[Records from a collection]
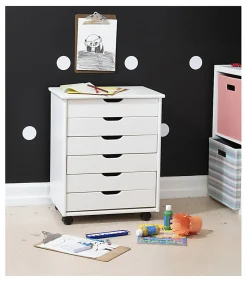 Linon Casimer 6-Drawer Wide Rolling Home Office Storage Cart, White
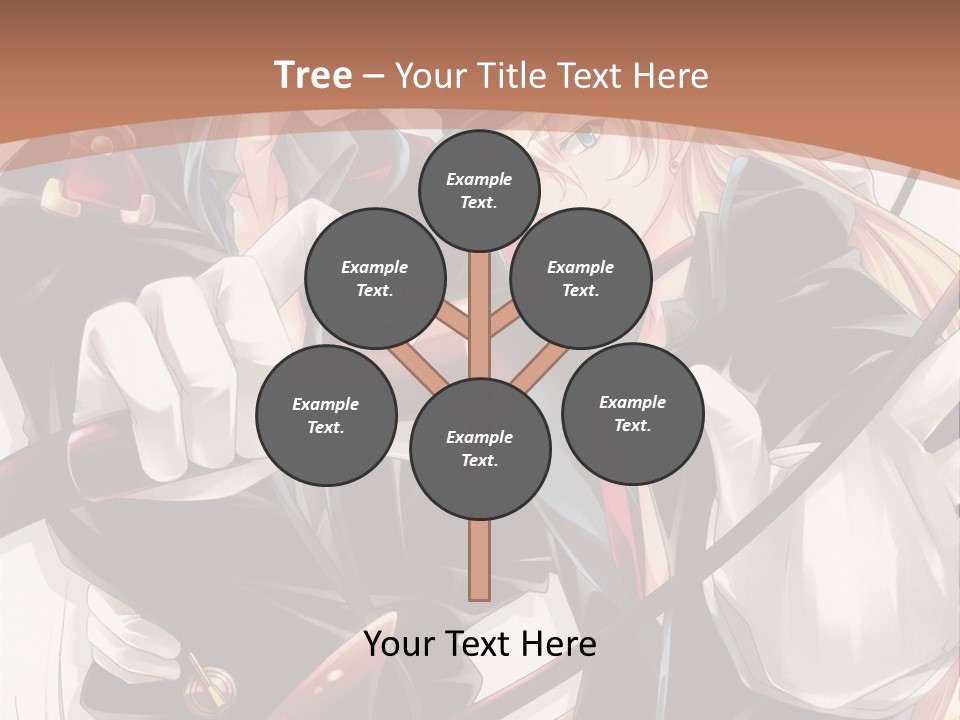A Couple Of Anime Characters With A Brown Background PowerPoint Template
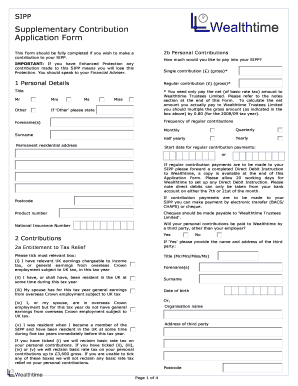 SIPP Supplementary Contribution Application Form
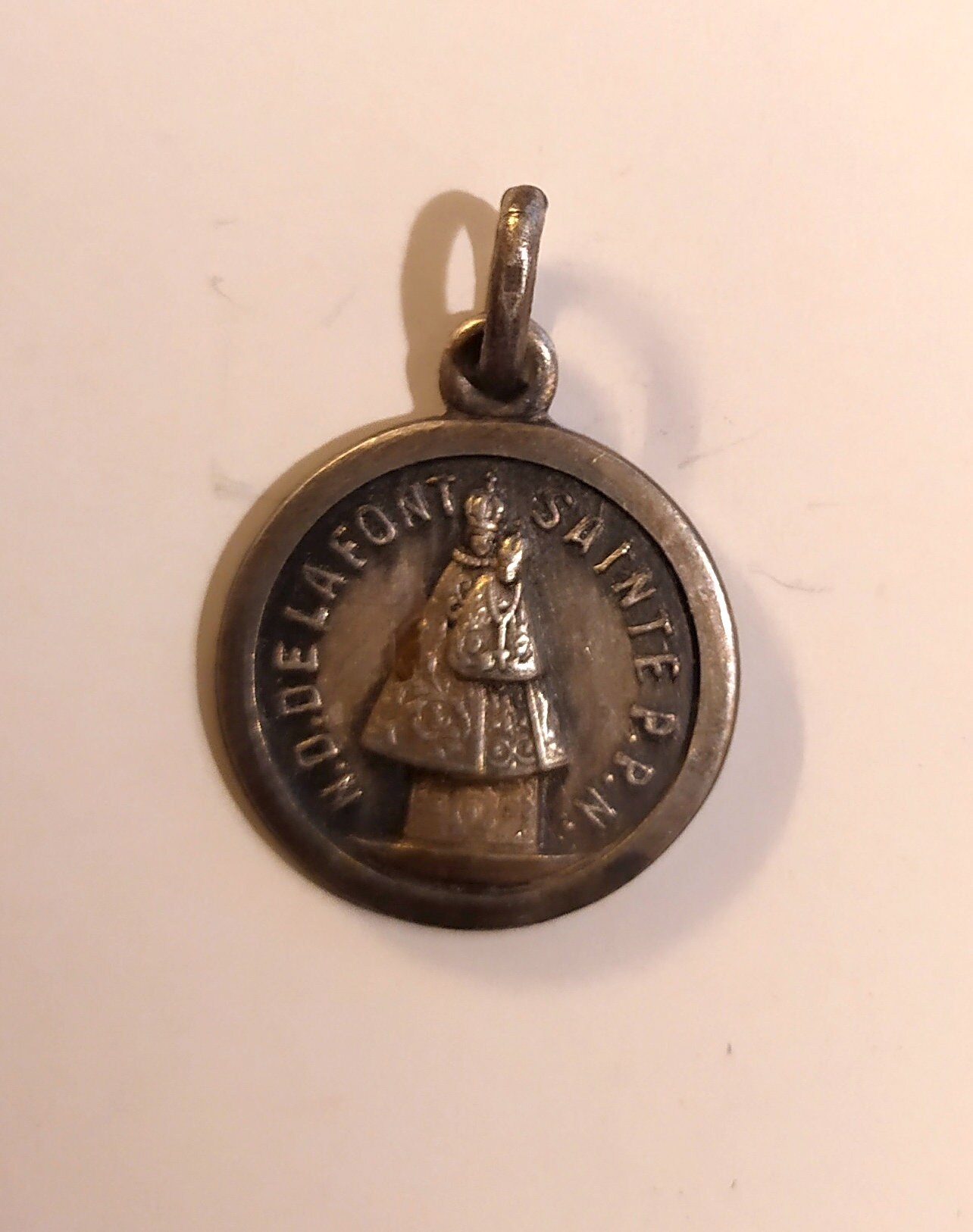 Medaille Religieuse Ancienne Notre Dame de Lafont Saint Christophe French Religious Vintage Medal St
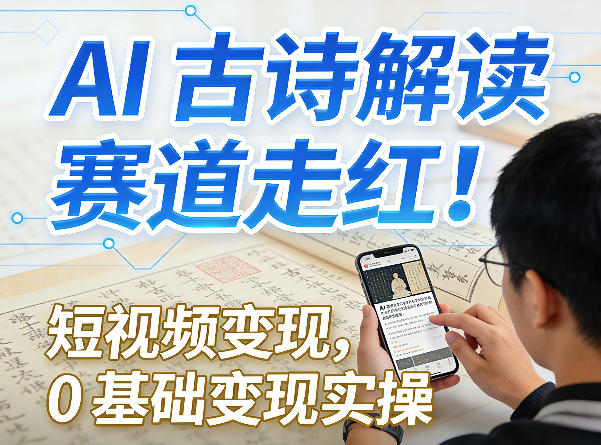 AI古诗解读赛道走红！短视频变现，0基础变现实操-情久项目网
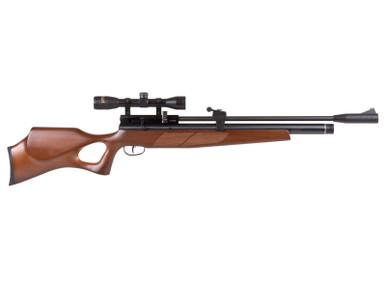 Beeman Commander PCP Air Rifle in black with thumbhole stock, right side view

TASK PROMPT =
The expected output is an exact retyping of the lines from the line with "AI古诗解读赛道走红！短视频变现，0基础变现实操-情久项目网" through the last line of the data, with both ends kept and the pictures dropped.

SOLUTION TO THE PROBLEM =
 AI古诗解读赛道走红！短视频变现，0基础变现实操-情久项目网
 Beeman Commander PCP Air Rifle in black with thumbhole stock, right side view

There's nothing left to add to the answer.